Given records: Begin

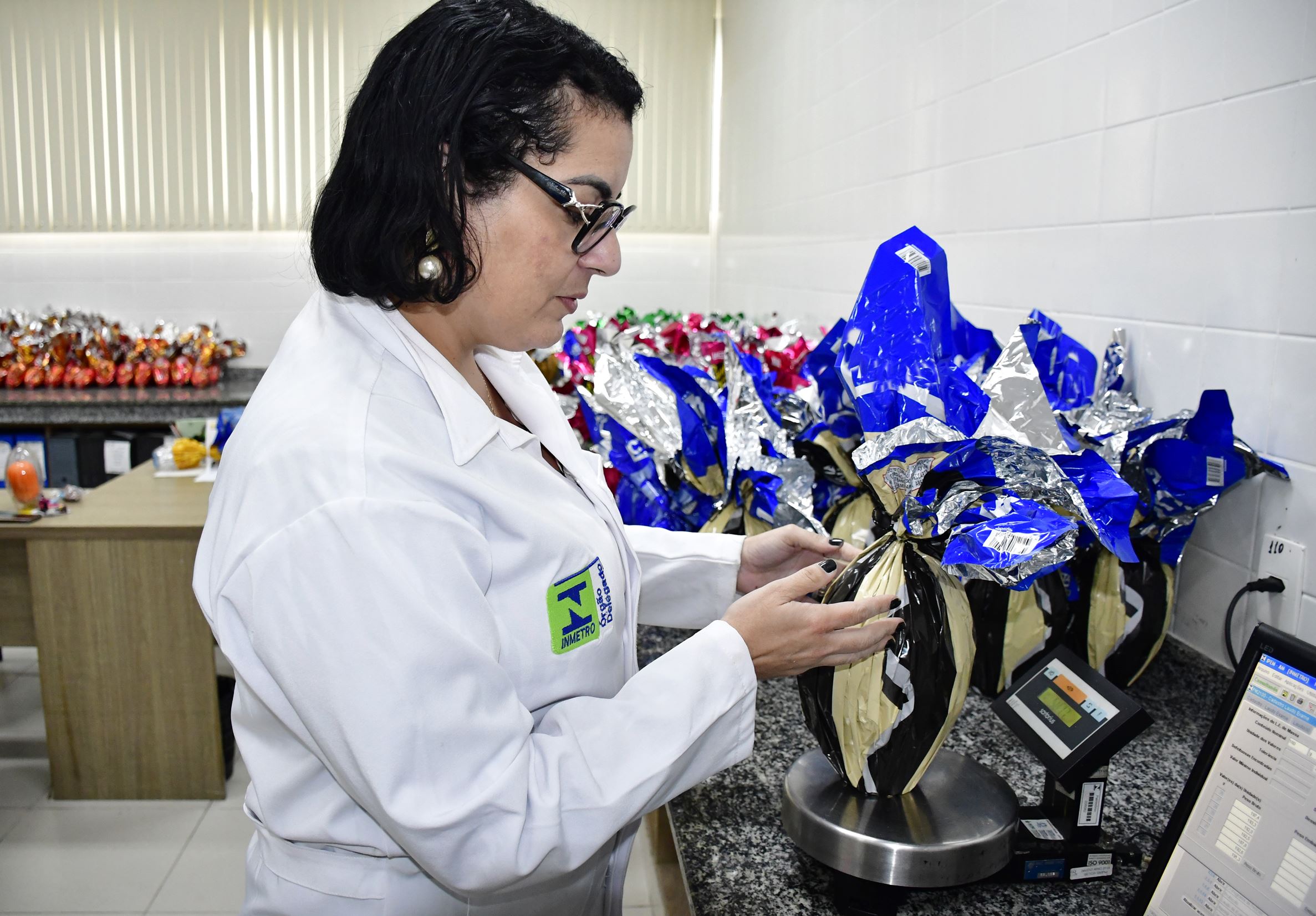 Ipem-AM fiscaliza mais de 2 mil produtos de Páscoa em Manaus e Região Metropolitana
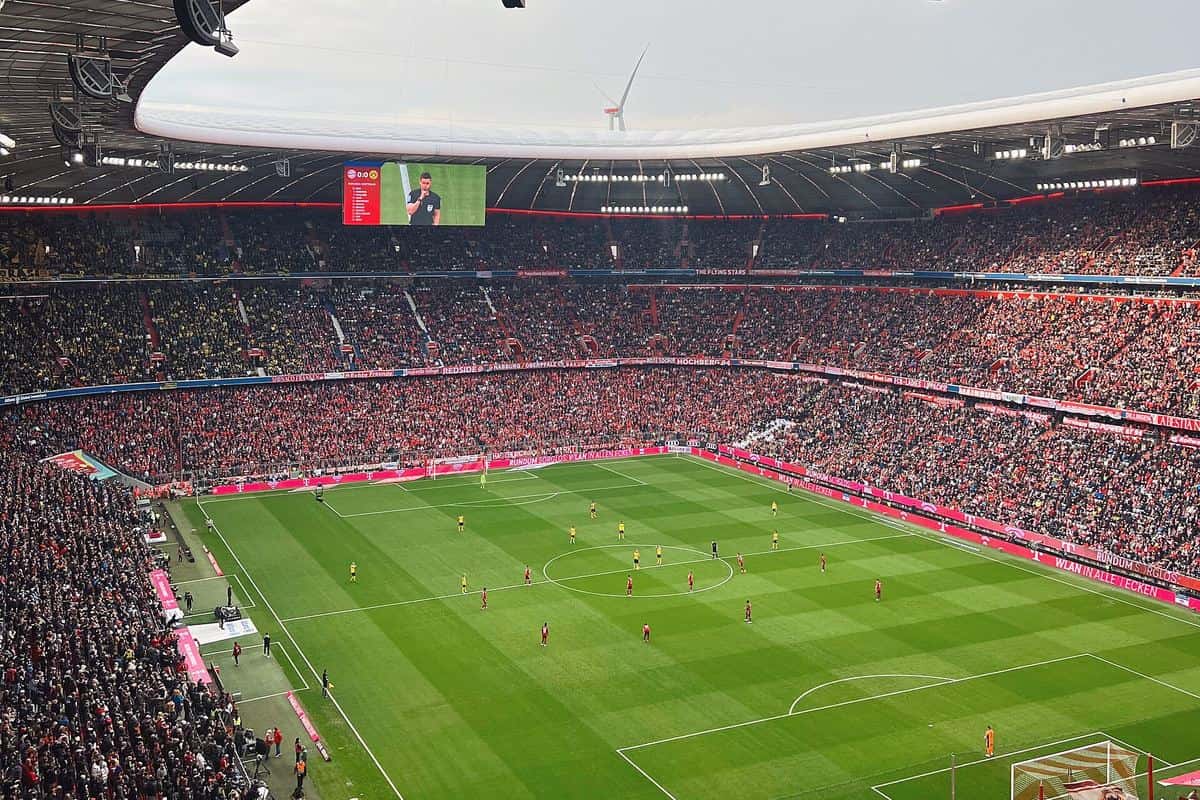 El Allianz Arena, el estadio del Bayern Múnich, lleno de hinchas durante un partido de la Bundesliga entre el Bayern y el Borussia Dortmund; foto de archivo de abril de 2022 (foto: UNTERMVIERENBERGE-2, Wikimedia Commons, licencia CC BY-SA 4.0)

Given records: End
Given records: Begin

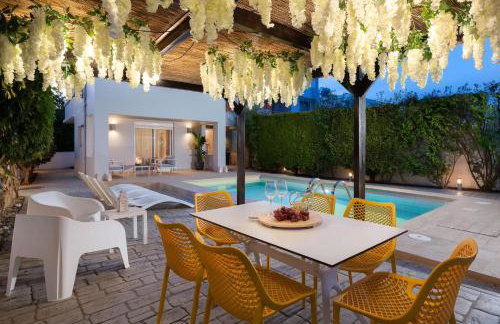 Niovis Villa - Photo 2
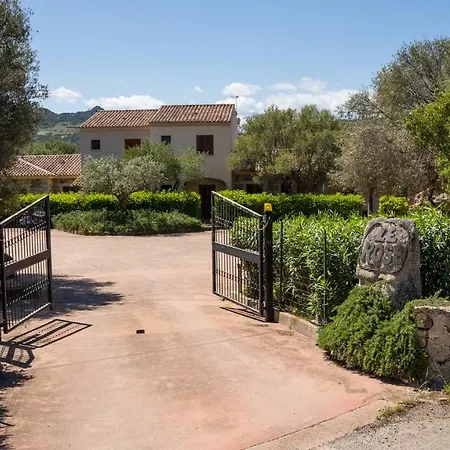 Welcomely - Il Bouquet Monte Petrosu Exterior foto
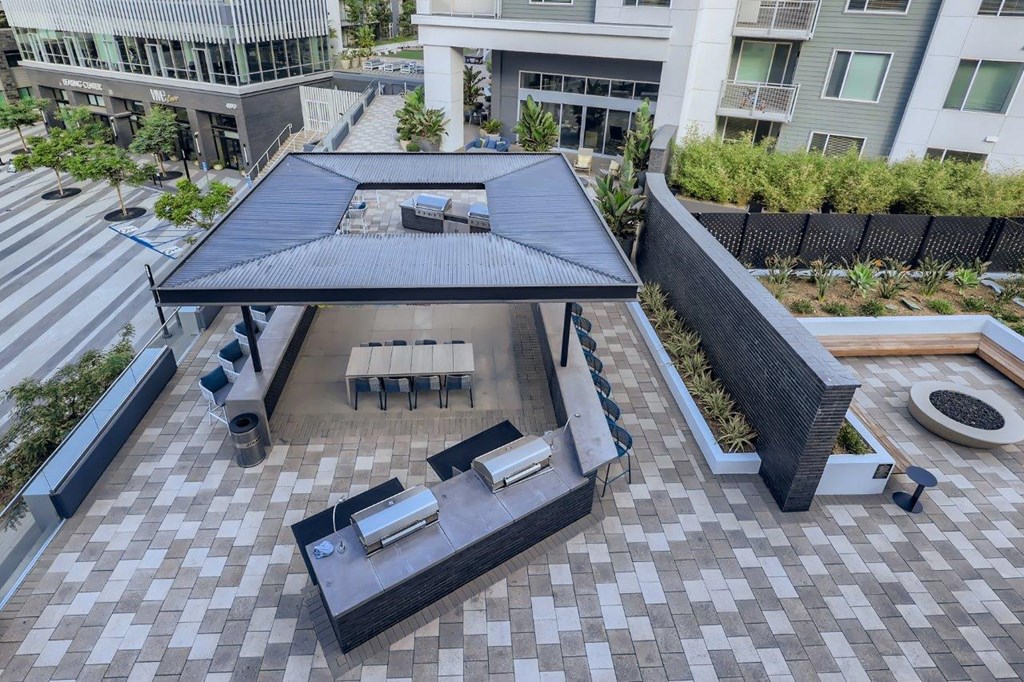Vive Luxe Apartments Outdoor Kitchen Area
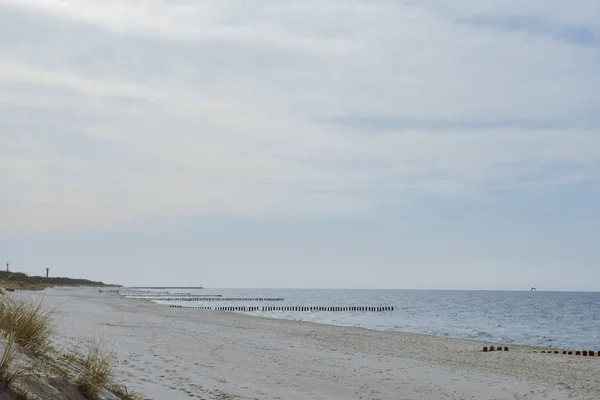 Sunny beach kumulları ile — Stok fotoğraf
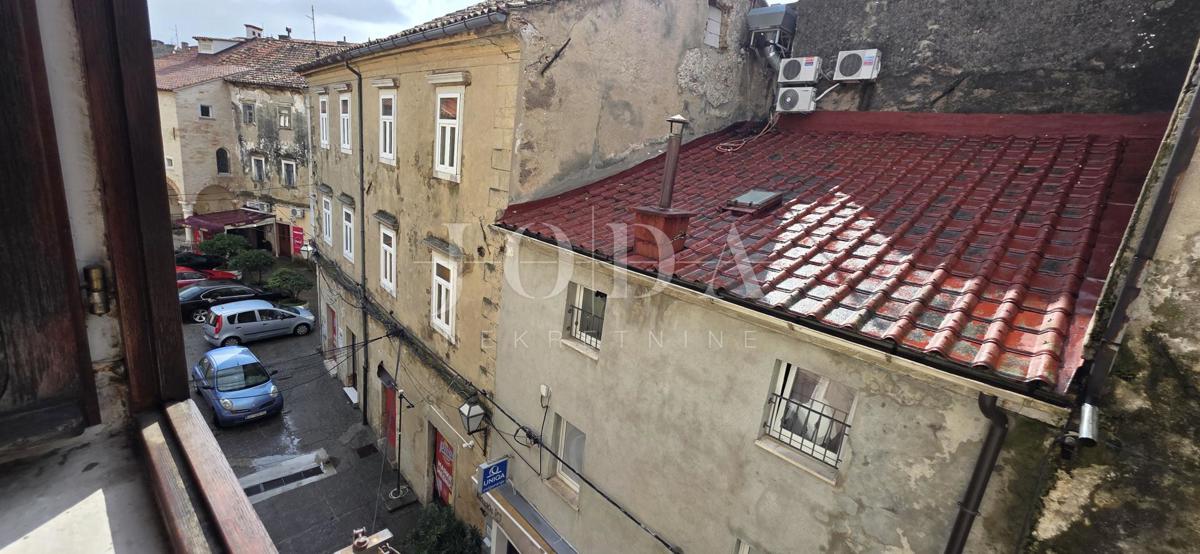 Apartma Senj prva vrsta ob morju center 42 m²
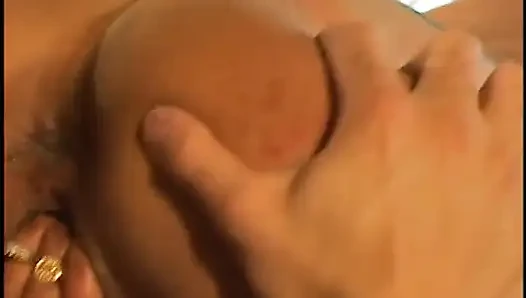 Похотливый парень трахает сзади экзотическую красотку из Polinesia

Given records: End
Given records: Begin

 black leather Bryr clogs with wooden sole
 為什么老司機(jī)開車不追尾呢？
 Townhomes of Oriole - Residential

Given records: End

__What is required__: From the records above, extract the lines from the one holding "Ipem-AM fiscaliza mais" through the one holding "El Allianz Arena, el", word for word; omit the pictures.

__Task answer__:
 Ipem-AM fiscaliza mais de 2 mil produtos de Páscoa em Manaus e Região Metropolitana
 El Allianz Arena, el estadio del Bayern Múnich, lleno de hinchas durante un partido de la Bundesliga entre el Bayern y el Borussia Dortmund; foto de archivo de abril de 2022 (foto: UNTERMVIERENBERGE-2, Wikimedia Commons, licencia CC BY-SA 4.0)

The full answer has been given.